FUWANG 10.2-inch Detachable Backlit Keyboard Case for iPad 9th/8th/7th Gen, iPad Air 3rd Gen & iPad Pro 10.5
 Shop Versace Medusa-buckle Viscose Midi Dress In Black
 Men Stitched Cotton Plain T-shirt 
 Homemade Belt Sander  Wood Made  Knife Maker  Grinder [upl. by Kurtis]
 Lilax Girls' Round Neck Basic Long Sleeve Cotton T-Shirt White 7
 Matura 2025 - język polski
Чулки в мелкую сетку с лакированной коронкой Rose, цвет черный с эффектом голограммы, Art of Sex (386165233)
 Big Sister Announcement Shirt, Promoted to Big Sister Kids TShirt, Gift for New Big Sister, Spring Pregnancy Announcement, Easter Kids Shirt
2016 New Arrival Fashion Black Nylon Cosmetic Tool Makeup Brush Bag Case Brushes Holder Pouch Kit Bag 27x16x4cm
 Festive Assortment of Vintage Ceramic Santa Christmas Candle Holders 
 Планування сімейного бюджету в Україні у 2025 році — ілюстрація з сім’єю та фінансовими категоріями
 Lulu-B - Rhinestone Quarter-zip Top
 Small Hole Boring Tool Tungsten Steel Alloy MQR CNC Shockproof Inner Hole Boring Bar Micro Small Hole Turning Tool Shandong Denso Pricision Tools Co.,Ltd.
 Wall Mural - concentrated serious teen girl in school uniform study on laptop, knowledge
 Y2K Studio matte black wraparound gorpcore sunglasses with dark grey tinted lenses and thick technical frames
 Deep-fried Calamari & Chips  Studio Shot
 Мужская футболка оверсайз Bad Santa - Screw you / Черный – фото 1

□ □ □

Exactly as they appear, please write out the lines from the opening of the listing above down to the line containing "Deep-fried Calamari &", with both end lines included.

# Written reply
FUWANG 10.2-inch Detachable Backlit Keyboard Case for iPad 9th/8th/7th Gen, iPad Air 3rd Gen & iPad Pro 10.5
 Shop Versace Medusa-buckle Viscose Midi Dress In Black
 Men Stitched Cotton Plain T-shirt 
 Homemade Belt Sander  Wood Made  Knife Maker  Grinder [upl. by Kurtis]
 Lilax Girls' Round Neck Basic Long Sleeve Cotton T-Shirt White 7
 Matura 2025 - język polski
Чулки в мелкую сетку с лакированной коронкой Rose, цвет черный с эффектом голограммы, Art of Sex (386165233)
 Big Sister Announcement Shirt, Promoted to Big Sister Kids TShirt, Gift for New Big Sister, Spring Pregnancy Announcement, Easter Kids Shirt
2016 New Arrival Fashion Black Nylon Cosmetic Tool Makeup Brush Bag Case Brushes Holder Pouch Kit Bag 27x16x4cm
 Festive Assortment of Vintage Ceramic Santa Christmas Candle Holders 
 Планування сімейного бюджету в Україні у 2025 році — ілюстрація з сім’єю та фінансовими категоріями
 Lulu-B - Rhinestone Quarter-zip Top
 Small Hole Boring Tool Tungsten Steel Alloy MQR CNC Shockproof Inner Hole Boring Bar Micro Small Hole Turning Tool Shandong Denso Pricision Tools Co.,Ltd.
 Wall Mural - concentrated serious teen girl in school uniform study on laptop, knowledge
 Y2K Studio matte black wraparound gorpcore sunglasses with dark grey tinted lenses and thick technical frames
 Deep-fried Calamari & Chips  Studio Shot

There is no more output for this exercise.